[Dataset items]
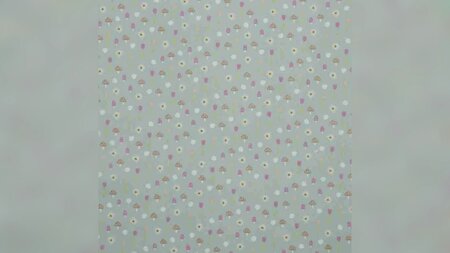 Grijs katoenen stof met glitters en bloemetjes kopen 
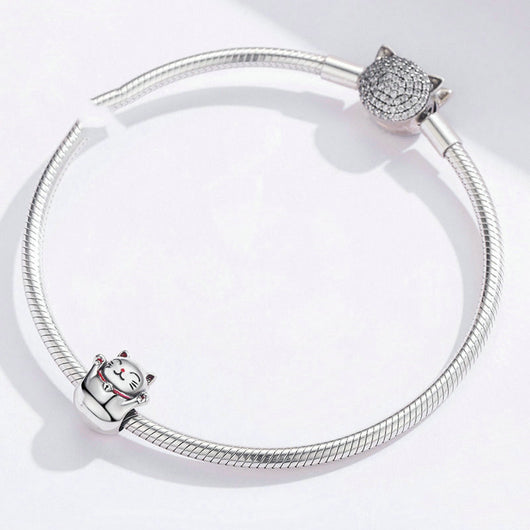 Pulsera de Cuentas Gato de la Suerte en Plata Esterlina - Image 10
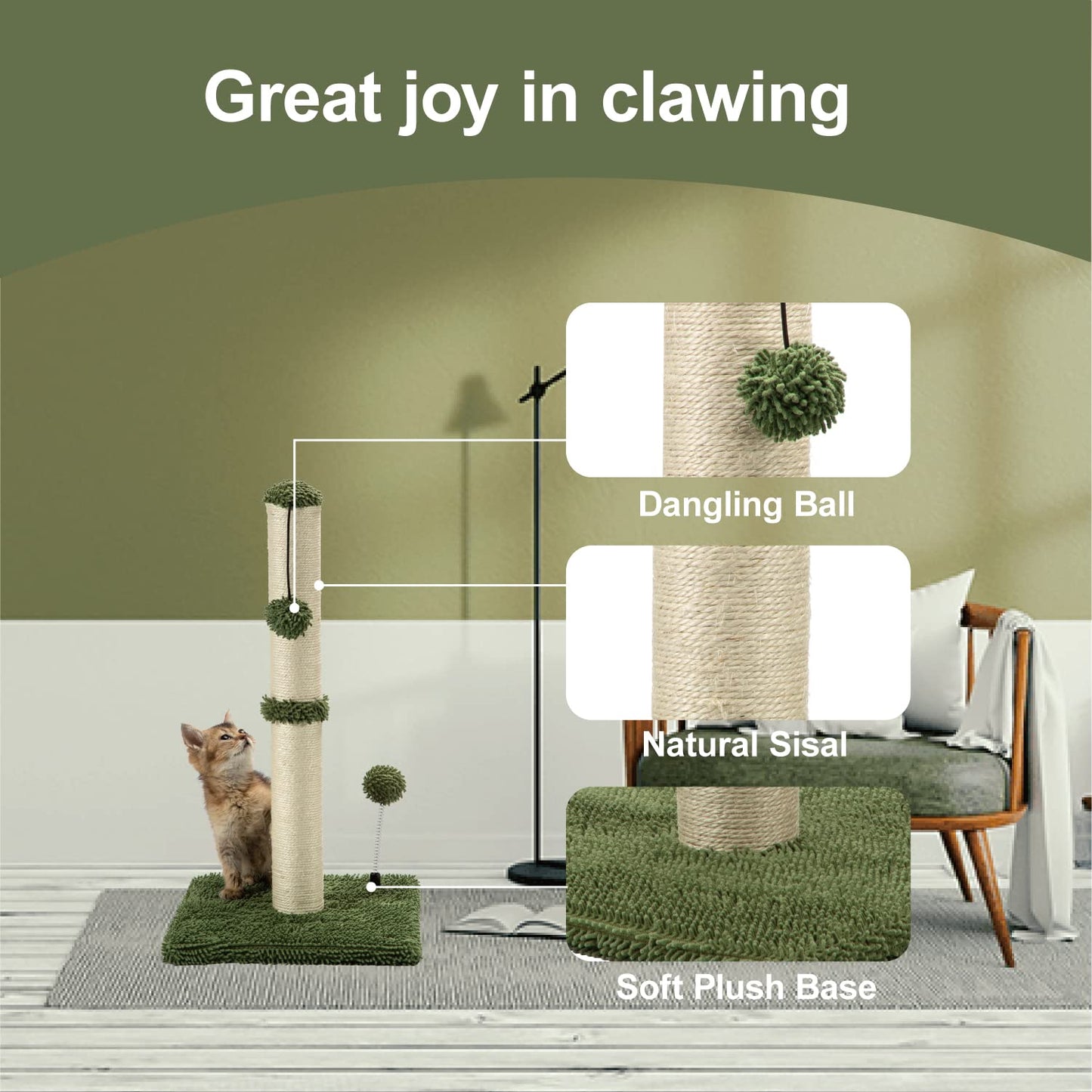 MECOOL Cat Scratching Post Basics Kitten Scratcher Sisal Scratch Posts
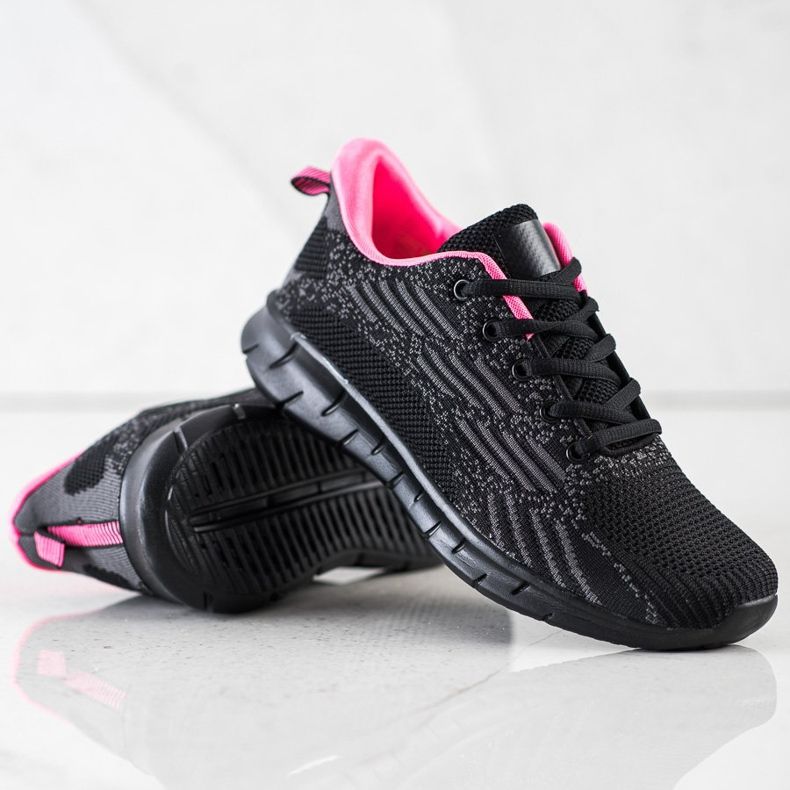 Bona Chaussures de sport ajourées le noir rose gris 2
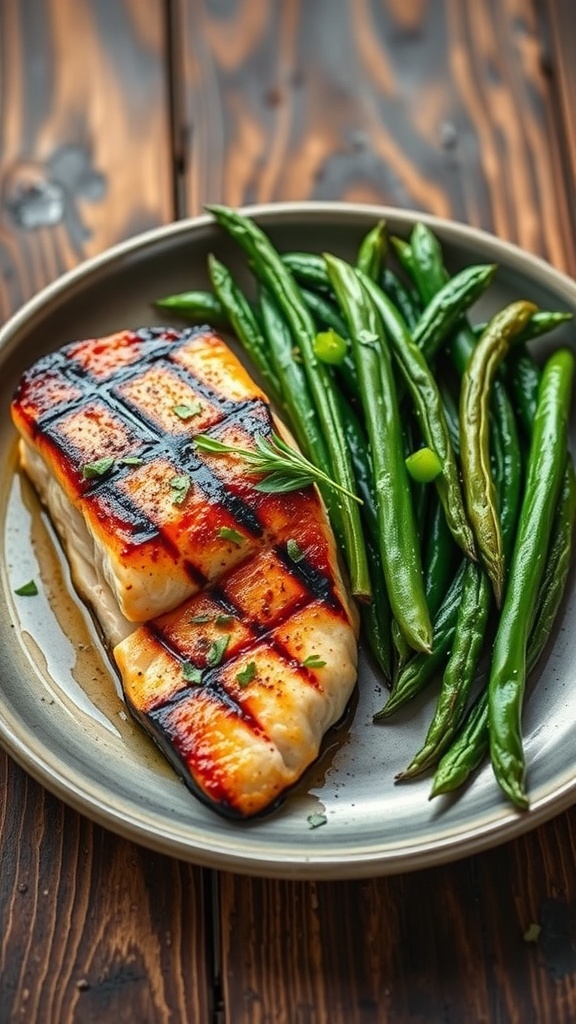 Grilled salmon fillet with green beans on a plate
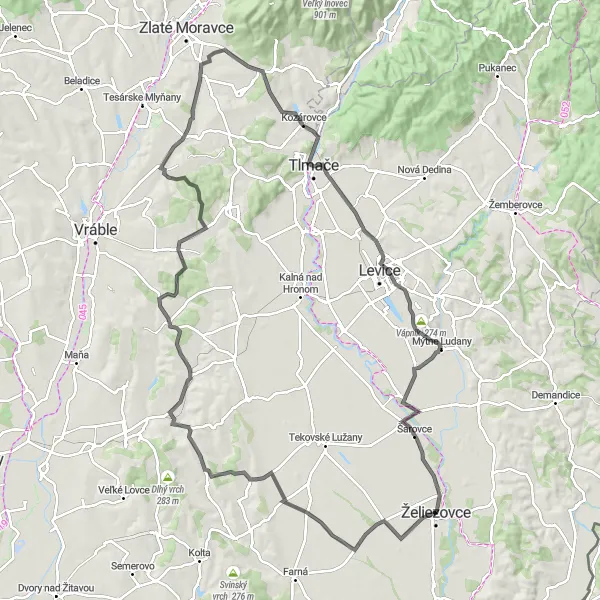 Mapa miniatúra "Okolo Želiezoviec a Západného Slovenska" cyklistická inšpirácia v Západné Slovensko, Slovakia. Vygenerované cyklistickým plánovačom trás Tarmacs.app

● Activity: Your response must reproduce every line of the data exactly, with images omitted.

● Answer space:
 Grijs katoenen stof met glitters en bloemetjes kopen 
 Pulsera de Cuentas Gato de la Suerte en Plata Esterlina - Image 10
 MECOOL Cat Scratching Post Basics Kitten Scratcher Sisal Scratch Posts
 Bona Chaussures de sport ajourées le noir rose gris 2
 Grilled salmon fillet with green beans on a plate
 Mapa miniatúra "Okolo Želiezoviec a Západného Slovenska" cyklistická inšpirácia v Západné Slovensko, Slovakia. Vygenerované cyklistickým plánovačom trás Tarmacs.app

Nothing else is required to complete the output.